> _Dataset content_
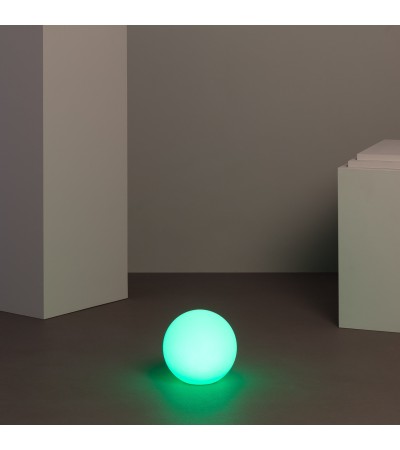 Sphère LED RGBW IP65 20cm Rechargeable - 821 - vue 6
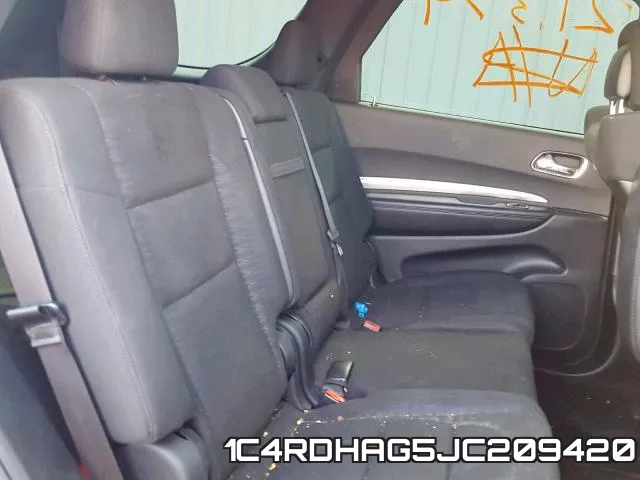 1C4RDHAG5JC209420 фото 7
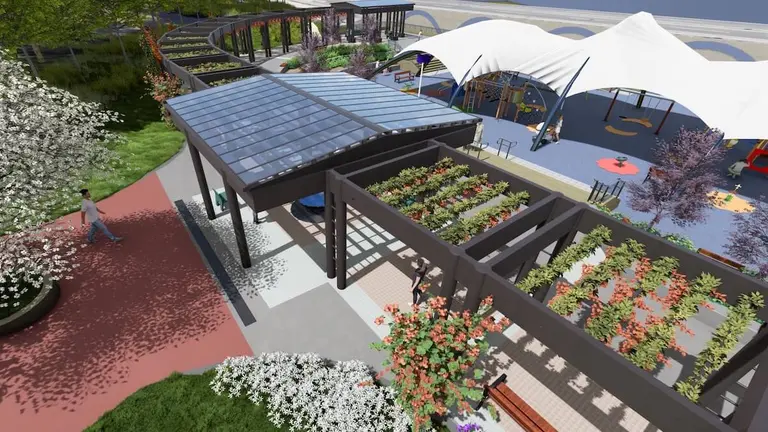 renovacion-pergola-parque-europa-bilbao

> _What is being asked_
Using the material above, set down every line exactly, but skip the pictures.

> _Output_
 Sphère LED RGBW IP65 20cm Rechargeable - 821 - vue 6
 1C4RDHAG5JC209420 фото 7
 renovacion-pergola-parque-europa-bilbao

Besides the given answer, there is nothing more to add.